Rabu, 20 Agustus 2014
Festival Budaya Erau Kutai Kartanegara
ERAU adalah salah satu kekayaan budaya Indonesia yang bersumber dari tradisi Kesultanan Kutai Kartanegara Ing Martadipura yang telah dilaksanakan sejak ratusan tahun yang lampau dengan tatacara dan ritual yang masih terjaga kemurnian dan pilosofinya. Secara etimologis Erau merujuk pada bahasa lokal / daerah etnis Kutai dan disebut pula Eroh, yang berarti ramai, hilir mudik, bergembira, berpesta ria yang dilaksanakan secara adat oleh kesultanan / kerabat kerajaan dengan maksud atau hajat tertentu dan diikuti oleh masyarakat umum (menyeluruh) dalam wilayah administratif kerajaan / kesultanan.

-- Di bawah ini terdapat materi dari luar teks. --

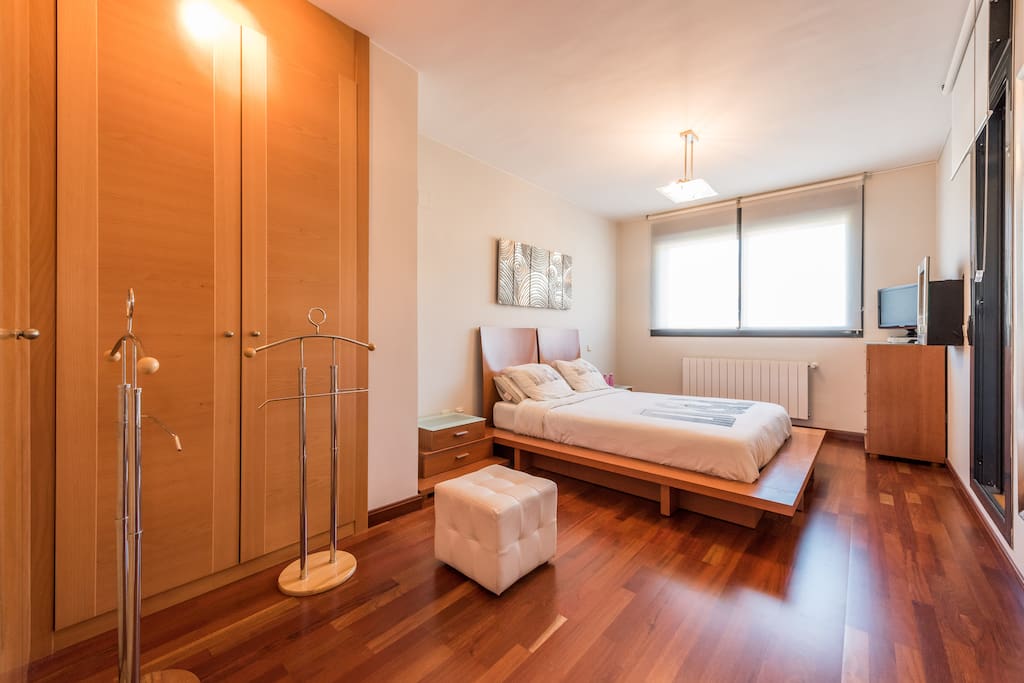 Your spacious and bright bedroom with motorized blackout roll down shutters, TV (with Chromecast) and electric fireplace @ Sierra de Madrid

Dalam hikayatnya, Erau pertama kali dilaksanakan pada sekitar abad keduabelas, ketika Aji Batara Agung Dewa Sakti , putra tunggal dari petinggi negeri Jahitan Layar, menginjak usia 5 tahun. Pada saat itulah diadakan upacara tijak tanah dan mendi ke tepian, sebagai pertanda bahwa beliau telah boleh keluar dari rumah dan bermain-main sebagaimana anak-anak seusianya. Pada acara Erau ini, seluruh masyarakat bergembira-ria selama 40 hari 40 malam, berpesta dengan aneka hidangan istimewa dan berbagai macam acara hiburan. Setelah dewasa dan dikukuhkan sebagai Raja Kutai Kartanegara yang pertama (1300-1325), juga diadakan upacara Erau. Sejak itulah Erau dengan segala bentuk keramaian dan ritual sakralnya selalu diadakan setiap terjadi penggantian atau penobatan Raja-Raja Kutai Kartanegara.

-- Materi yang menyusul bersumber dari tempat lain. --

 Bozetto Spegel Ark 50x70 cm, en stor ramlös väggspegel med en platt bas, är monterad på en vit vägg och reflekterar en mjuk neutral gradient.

Pelaksanaan upacara Erau dilakukan oleh kerabat Keraton/Istana dengan mengundang seluruh tokoh pemuka masyarakat yang mengabdi kepada kerajaan. Mereka datang dari seluruh pelosok wilayah kerajaan dengan membawa bekal bahan makanan, ternak, buah-buahan, dan juga para seniman. Dalam upacara Erau ini, Raja/Sultan serta kerabat Keraton lainnya memberikan jamuan makan kepada rakyat dengan memberikan pelayanan dengan sebaik-baiknya sebagai tanda terima kasih Raja/Sultan atas pengabdian rakyatnya.

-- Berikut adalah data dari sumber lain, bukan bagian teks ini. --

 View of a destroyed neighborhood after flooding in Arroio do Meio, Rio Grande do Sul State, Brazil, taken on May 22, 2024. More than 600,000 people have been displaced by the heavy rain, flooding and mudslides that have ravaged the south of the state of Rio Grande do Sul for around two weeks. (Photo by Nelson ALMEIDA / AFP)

Setelah berakhirnya masa pemerintahan Kesultanan Kutai Kartanegara pada tahun 1960, wilayahnya menjadi daerah otonomi yakni Kabupaten Kutai. Tradisi Erau tetap dipelihara dan dilestarikan oleh kerabat Kesultanan, dalam lingkup terbatas.
Pelaksanaan Erau yang terakhir menurut tata cara Kesultanan Kutai Kartanegara dilaksanakan pada tahun 1965, ketika diadakan upacara pengangkatan Putra Mahkota Kesultanan Kutai Kartanegara, Aji Pangeran Adipati Praboe Anoem Soerya Adiningrat.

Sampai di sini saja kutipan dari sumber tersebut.